Why Paul Lambert is right to ditch Bent for Benteke

We are part of The Trust Project What is it?'s Michael Cox uses the FREE FourFourTwo/Opta StatsZone app to analyse the attacking options of Aston Villa...

It may not seem the best time to say it, given Aston Villa just suffered a 5-0 thrashing at Manchester City which saw them drop into the relegation zone, but Paul Lambert seems to have found something close to a settled, cohesive starting XI.

Lambert, of course, was a serial formation switcher at Norwich last season. This year, he’s played either a diamond midfield or a 4-2-3-1, and seems to have decided on the latter. The same starting XI was used in consecutive games against the two Manchester clubs, and although the heavy defeat to City was a setback, the narrow 3-2 defeat to United showed evidence of progress.

Lambert’s most significant decision has been to drop Darren Bent, who started the season as captain. While Bent has been a consistent goalscorer throughout his Premier League career, Lambert doesn’t believe he contributes enough to the side as a whole.

Instead, he’s decided that Christian Benteke is more suitable for leading Villa’s attack.

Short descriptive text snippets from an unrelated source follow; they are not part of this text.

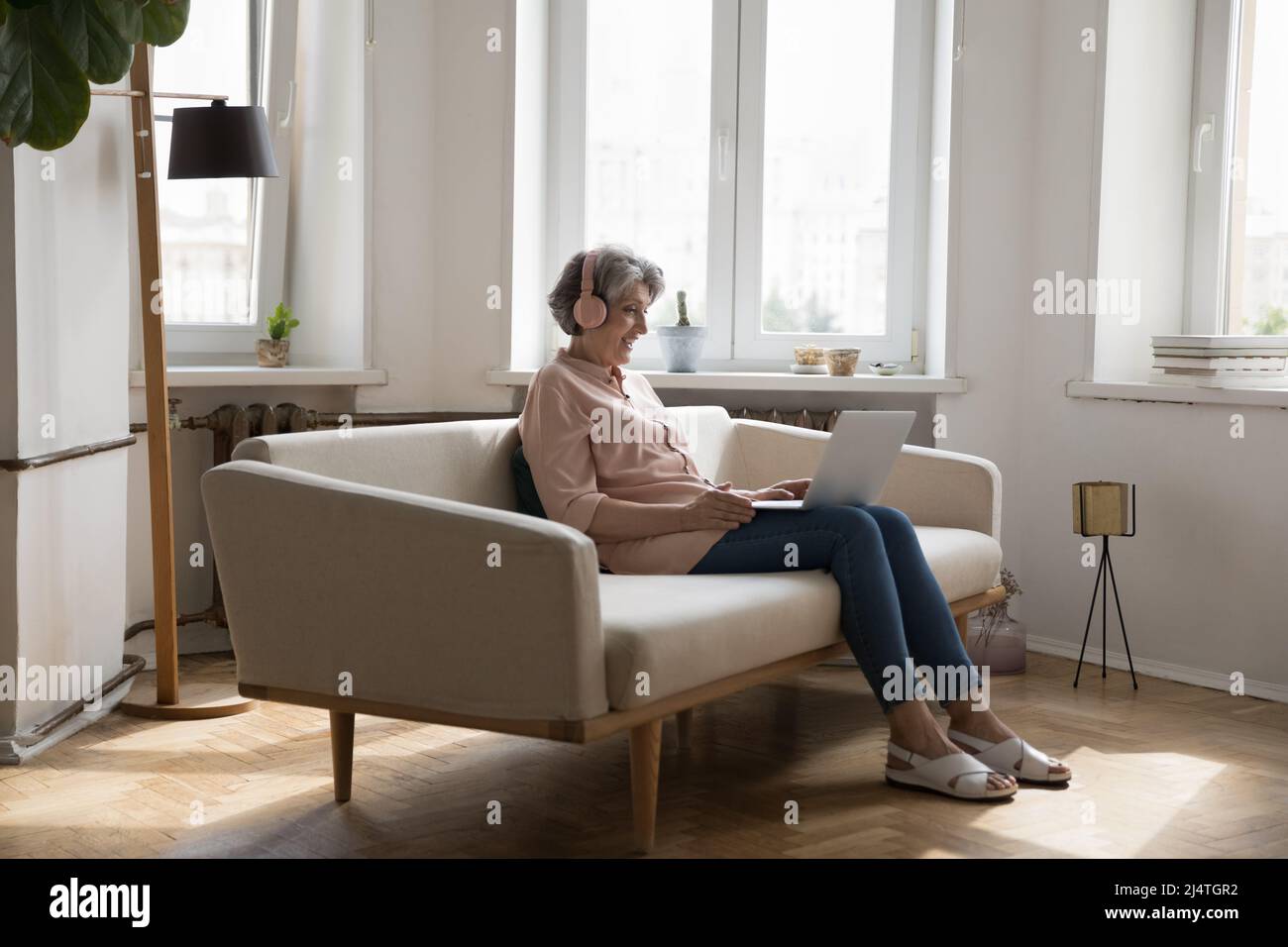 Une femme plus âgée porte un casque qui se fixe sur un ordinateur portable pour passer un appel vidéo Banque D'Images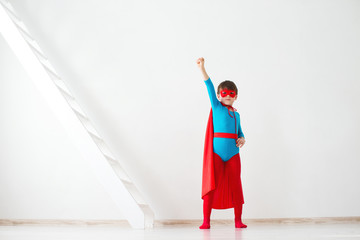 Obraz na płótnie Canvas Boy dreamer in costume and pose superhero.
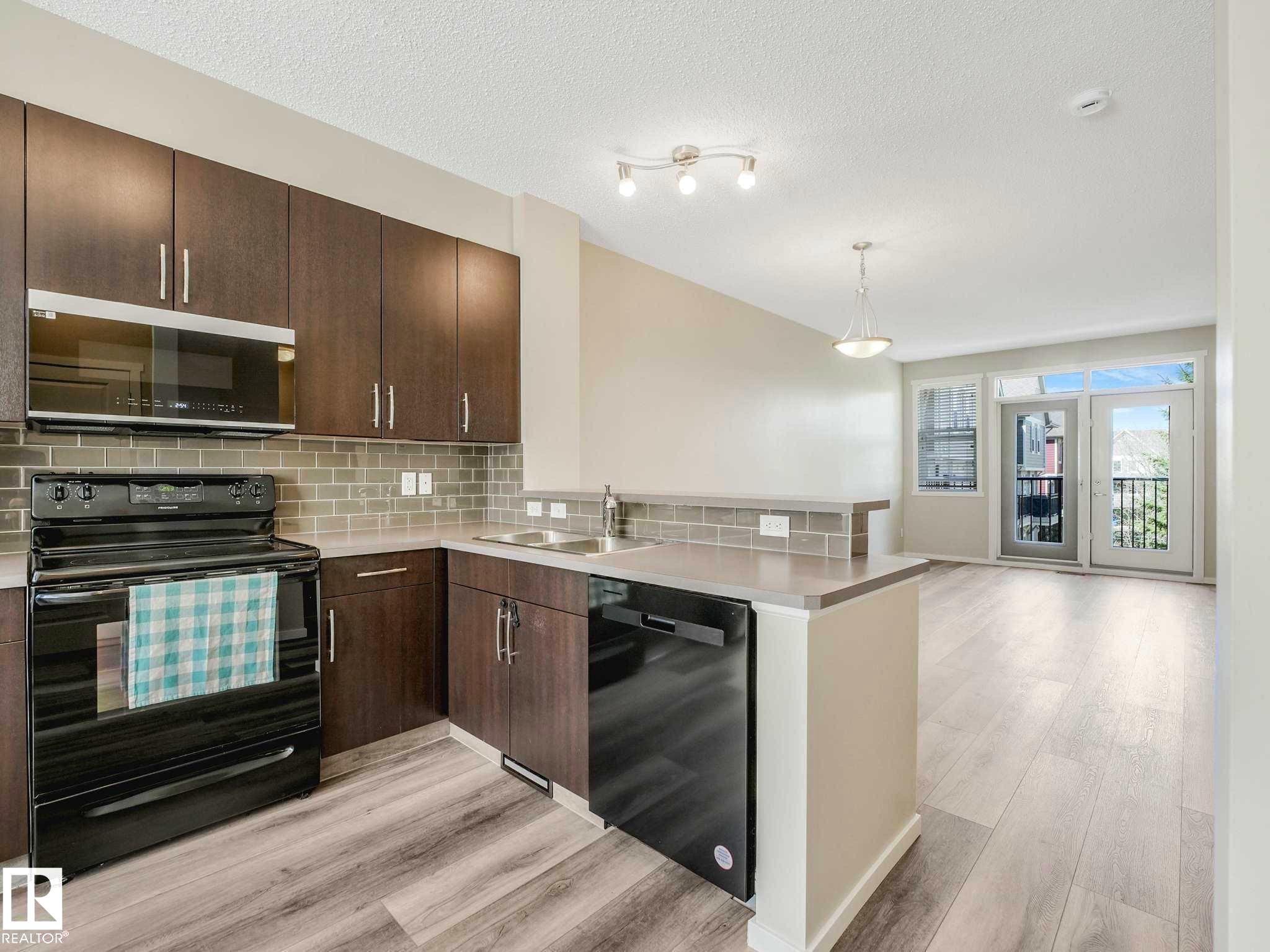 122 603 Watt Boulevard, Edmonton, AB - Indoor Photo Showing Kitchen With Double Sink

The Belgian is yet to prove himself a reliable scorer – he’s hit two goals in seven starts, a decent record, but both came after terrible opposition defending. He’s a stronger physical presence, though, and acts as the target for long balls, challenging in the air with the opposition centre-backs – often with great success. He’s simply a more reliable outlet than Bent.

In wide positions, Villa’s shape is interesting. Lambert uses two converted forwards on the flanks, illustrating his attacking intent, but Gabriel Agbonlahor and Andreas Weimann play in different roles. Agbonlahor is more central and provides Benteke with support, while Wiemann stays wider and deeper, stretching the play and providing a different option. Against Manchester United, the Austrian got into the penalty box to score from two left-wing crosses – exactly what you what from a right-sided player – but he generally stayed closer to the touchline than Agbonlahor.

A knock-on effect of their positioning is the roles of the full-backs. On the right, Matthew Lowton finds it easier to overlap and combine with Wiemann, and is constantly involved in the play. However, left-back Enda Stevens advances forward very sporadically, and concentrates on defensive duties.

Behind the trio of Benteke, Agbonlahor and Weimann, Lambert has used Stephen Ireland as his creative spark, attempting to provide the link between midfield and attack. But although Ireland started the season promisingly, he struggled to create chances for Villa against the two Manchester clubs, providing just one key pass in the two games combined.

When the Irishman is having little impact upon the game, Barry Bannan has to become more of a creative influence from a deep-lying midfield position. He has an excellent passing range, but needs forward options to exert his influence – which makes it particularly important that Benteke’s hold-up play is good, pushing Villa up the pitch.

Tomorrow’s match against Arsenal should be an interesting tactical duel – Benteke will battle with the centre-backs, while Bannan might get time on the ball in midfield. Villa haven’t yet clicked, but Lambertt’s plan is slowly coming together – and a good run of form is imminent.